Malaysia Real Estate Market: Overview, Prospects, Opportunities
January 2026
House Price Index
The Malaysian real estate market has demonstrated steady, moderate growth continuously since 2009. Due to the importance of foreign demand, the market experienced a slowdown during the COVID-19 restrictions. However, growth resumed once the restrictions were lifted.
Number of Transactions
In 2025, transaction volume is estimated at around 455,000, indicating a slowdown in growth rates while maintaining a stable upward trend. Malaysia’s real estate market remains one of the most stable in Southeast Asia, driven primarily by domestic demand and characterized by the absence of sharp cyclical fluctuations.
Construction Volume
In 2025, construction volume is estimated at around RM 148 billion, indicating a slowdown in growth following several years of steady expansion. After peaking in 2024, development activity has entered a phase of cautious stabilization, reflecting a more balanced approach by developers amid saturation in certain market segments and efforts to avoid the accumulation of excess supply.
Price per Square Meter
In 2025, Malaysia’s price structure remains stable and predictable. Kuala Lumpur retains its position as the most expensive market at around RM 7,600 per m², reflecting the concentration of demand and investment activity in the capital region. Penang ranks second (~RM 6,200 per m²), remaining one of the most attractive markets in terms of price-to-quality balance. Johor Bahru shows moderate levels (~RM 5,200 per m²) with growth potential driven by its integration with Singapore’s economy. More affordable cities such as Ipoh and Kuching remain primarily driven by local demand, with limited investment dynamics.
Доходность аренды
In 2025, Malaysia’s real estate market demonstrates a balanced combination of moderate pricing and stable rental yields: Kuala Lumpur remains the most expensive market, yet retains strong appeal due to consistent rental demand, while Johor Bahru and Penang represent the mid-price segment with reliable returns. More affordable cities such as Ipoh and Kuching offer relatively higher yields with lower entry thresholds, although they remain primarily local markets with limited liquidity.
Foreign Demand
Foreign demand constitutes a significant share of Malaysia’s overall real estate demand, although official statistics on the exact proportion of foreign buyers are not publicly available. However, the distribution of transactions among foreign purchasers is known: the leading groups are buyers from Singapore and China, followed by investors from Indonesia, Japan, and South Korea.

Malaysia has long pursued a strategic focus on attracting high-net-worth foreign investors, and this policy has been successfully implemented for many years. Foreign investment in commercial real estate accounts for up to 45% of the total transaction volume.
Market Potential and Outlook
As of 2025, Malaysia’s real estate market has reaffirmed its status as a structurally stable and low-volatility environment, primarily driven by domestic demand. Transaction volume continued its moderate growth, reaching approximately 455,000 deals; however, the pace of expansion has noticeably slowed, indicating a transition from post-pandemic recovery to a phase of cyclical normalization. Following the peak in 2024, development activity has declined, reflecting a more conservative approach by developers and a deliberate effort to avoid the accumulation of excess supply, particularly in the mass-market segment.

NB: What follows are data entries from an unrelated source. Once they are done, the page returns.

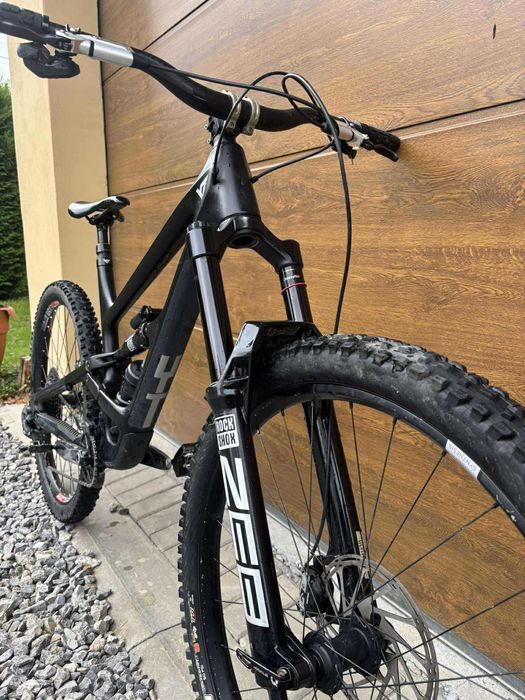 YT Capra Core 3 2023 – XL / 29” / SRAM Maven Ultimate / RockShox ULT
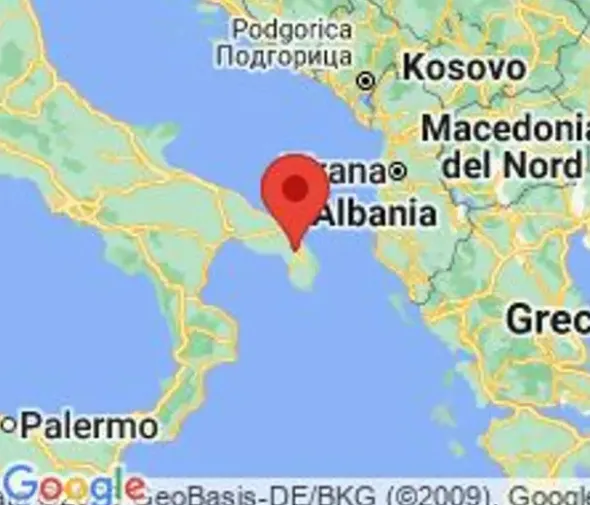 #22090 Negozio con corte pertinenziale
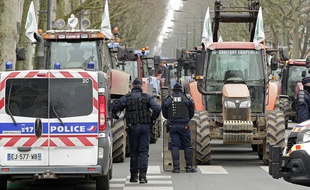 500 tracteurs ont bloqué le centre-ville de Lille.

Price dynamics in 2025 remained moderately positive and significantly below inflation levels, effectively ruling out signs of overheating. The market shows clear segmentation: Kuala Lumpur and Penang concentrate the majority of investment demand, Johor Bahru benefits from its cross-border integration with Singapore, while secondary cities continue to be driven by local demand. A key feature of 2025 has been the preservation of relatively high gross rental yields (5–6%) combined with moderate entry prices, positioning Malaysia as one of the few markets in the region with an attractive price-to-rent ratio. Foreign demand remains secondary and does not exert systemic influence on market dynamics, reducing overall sensitivity to external shocks.

In 2026, under the base-case scenario, Malaysia’s real estate market is expected to continue along a path of controlled stabilization. Significant growth in transaction volumes is unlikely; the market will most likely remain within the range of 450,000–470,000 transactions, with demand structure continuing to be dominated by domestic buyers. Price growth is expected to remain moderate, in the range of 3–6% annually, aligning with the long-term economic trajectory and avoiding inflationary imbalances.

New construction volumes are likely to remain at 2025 levels or show a slight decline, which should contribute to a better balance between supply and demand and support secondary market pricing. The rental segment is expected to remain resilient, with yields staying competitive compared to other Southeast Asian markets, particularly in the capital region and economically integrated urban areas.

Overall, in 2026 Malaysia will remain a market characterized by moderate returns and high predictability, well-suited for long-term investment strategies focused on rental income and capital preservation. The market does not favor speculative high-growth scenarios; however, its macroeconomic stability, balanced development pipeline, and limited dependence on foreign capital create an attractive risk profile for conservative and institutional investors.